B.W. & Alfhild Huebsch

Before getting into the story of how B.W. and Alfhild met, it is interesting to note that B.W. was in Europe when WWI started! He left the U.S. on 7/7/14, WWI started 7/28/14, and on 8/15/14 he got an emergency passport from the US Consulate in Leipzig for "protection," intending to return to the US "within six months. An encyclopedia article about B.W. explains, "In 1914...Huebsch had begun to make annual summer trips to Europe so that he could vacation and personally interact with potential authors." B.W. himself wrote of this trip, "1914 resulted in such a net-gain in friends and experiences as to effect my subsequent course considerably."

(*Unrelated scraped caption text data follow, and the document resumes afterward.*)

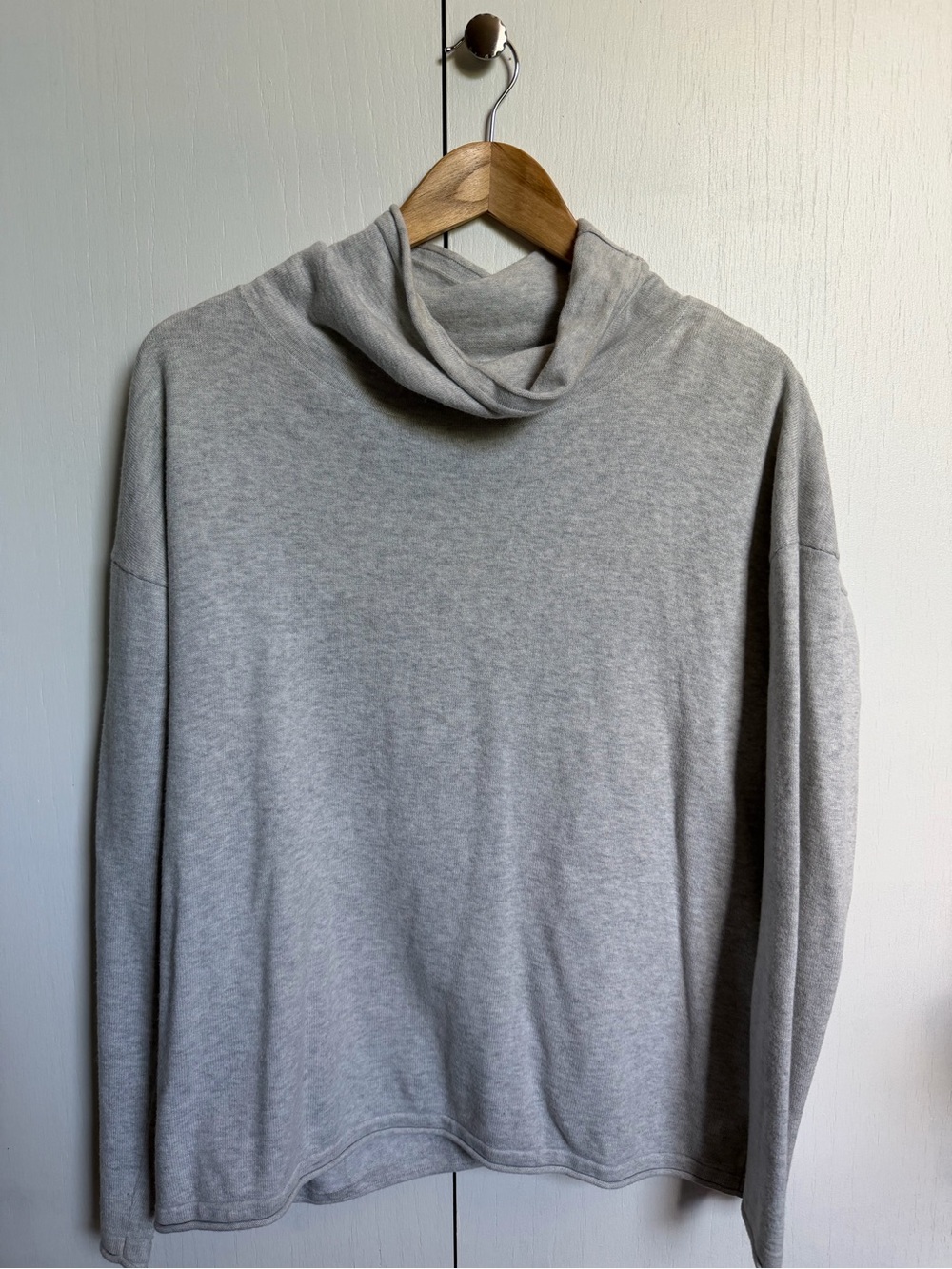Woman’s Vineyard Vines Lightweight Gray Cowl Neck Sweater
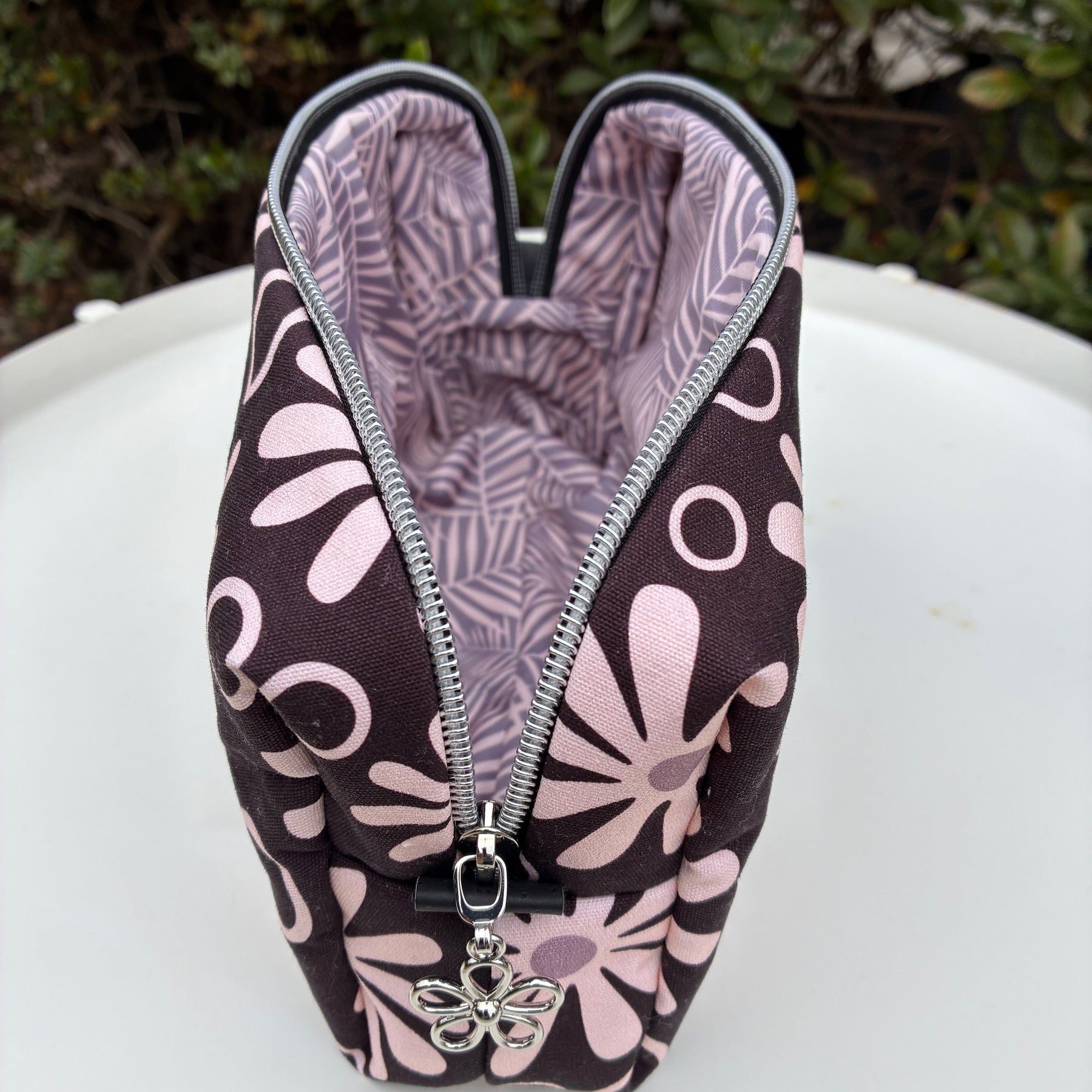 Bilby Pouch - Black Funky Daisies lined with Leaves (Anzela Simcock)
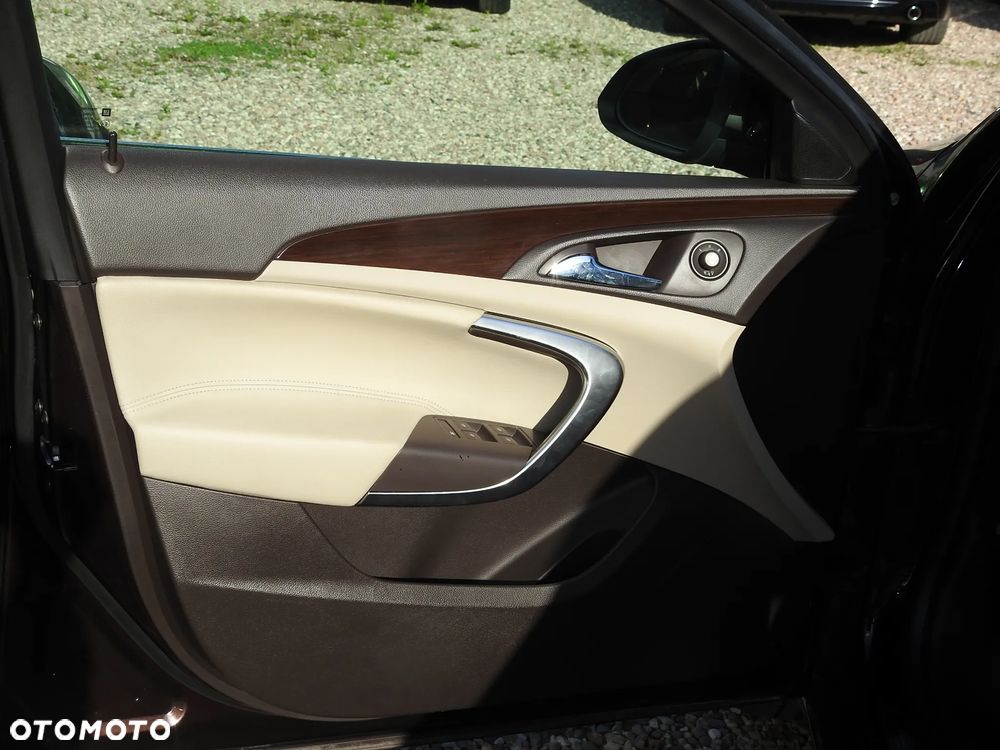 Opel Insignia 2.0 ECOTEC DI Turbo 4x4 ecoFLEX Start/Sto Business Innovation - 27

As his grandson Rand recalled, B.W. was on Henry Ford's famous "Peace Ship" along with many other prominent Americans. The Jewish pacifist Rosika Schwimmer gave Ford the idea for this expedition. She was a good friend of the Huebsches (her papers in the NY Public Library include photographs of Alhild and her son Erik, Rand's father), though it's unclear whether Rosika and B.W.'s friendship pre-dated the trip (and was perhaps the reason why B.W. participated) or arose from it. (At the time Rand told me this story, I expressed surprise that such a virulent anti-Semite as Ford would have Jews on his mission. Many trace Ford's anti-Semitism to WWI, especially to this expedition, which made him look quite foolish in the press. He later claimed that a Jewish passenger on the Peace Ship (possibly the journalist Herman Bernstein) told him that the Jews, as in the German-Jewish bankers, started the war.)

39 year-old B.W. played more than a passing role in the mission. An article in American Heritage magazine explains, "Following Ford's instructions, a committee had been set up 'for the management of the trip and policies.' It consisted of Jones, Aked, Huebsch, Frederick Holt (Ford's representative), Judge Lindsey, Mrs. Lloyd, Mrs. Fels, and Plantiff, with Lochner as secretary." Was it this leadership role that gave B.W. the opportunity to get to know the expedition's accomplished translator, Alfhild Lamm, a 28 year-old Jew born to a Swedish father & German mother who was educated at the London School of Economics and worked as a factory inspector? For while the Peace Ship expedition failed utterly in ending the war, it succeeded in finding him a wife! How exactly they connected during this trip is lost to history, but B.W.'s time in Europe far outlasted the Peace Ship's mission, as he stayed until early March, though his fellow delegates returned mid-January.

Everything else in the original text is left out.